I would argue that people who are versed in arithmetic, rather than people who are versed in narrative, would suggest that investors today are confusing liquidity.

The fact that there’s lots of cash in the system worldwide with solvency. Our ability to service and repay the debts that we owe each other on an individual level, on a corporate level, but particularly on a governmental level.

I think people are conflating the fact that there’s lots of cash in the system with the fact that the debts that we owe each other are probably arithmetically unsustainable.

Shae:

Given that the arithmetic favours gold, do you think there’s sort of been an active campaign to lead investors away from gold and into other supposedly more liquid assets? Encouraging people to get into the stock market and get into bonds or to move into cash?

Rick:

I’m not one of these who believes in ongoing thorough conspiracies.

Shae:

Yes.

Rick:

Certainly, all markets are manipulated.

If big financial interests, as an example, can manipulate a market as large as the labour market, they can easily have their way with gold, where the paper trades can exceed the physical trades by 500 times, not percent.

Certainly, you see circumstances where, at periods of the day when the trading volume is the weakest, people sell immense amounts of gold.

Obviously, that’s not the action of a profit-seeking trader with a gold position.

It’s somebody that’s trying to influence a physical position with a paper position.
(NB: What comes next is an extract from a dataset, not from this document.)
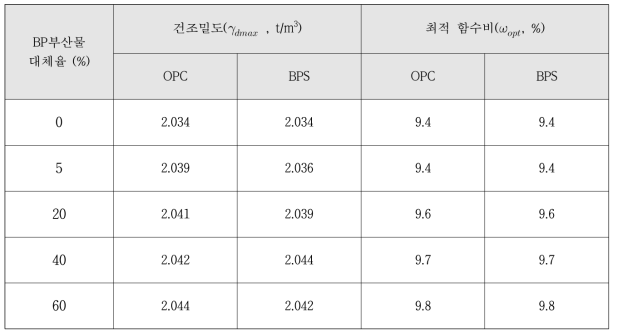 다짐시험 결과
Obviously, it’s manipulation.

Now, the idea that the biggest banks in the world, the US government and all these people had a 30-year conspiracy to depress the price of gold, I mean, on the face of it it’s silly.

These are the guys who can’t deliver the mail, can’t educate the kids, lost the war on poverty, lost the war on drugs, lost the war in Vietnam.

We’ve got nothing to fear from them. The truth is that gold has traded inversely to confidence and we’re in an extremely confident period.

There was no need to manipulate the gold price relative to the US dollar because the US dollar was kicking the stuffing out of gold.

I think that’s about to change.

You have to appreciate Rick’s dismissive take on government. And his complete ambivalence to conspiracy theories.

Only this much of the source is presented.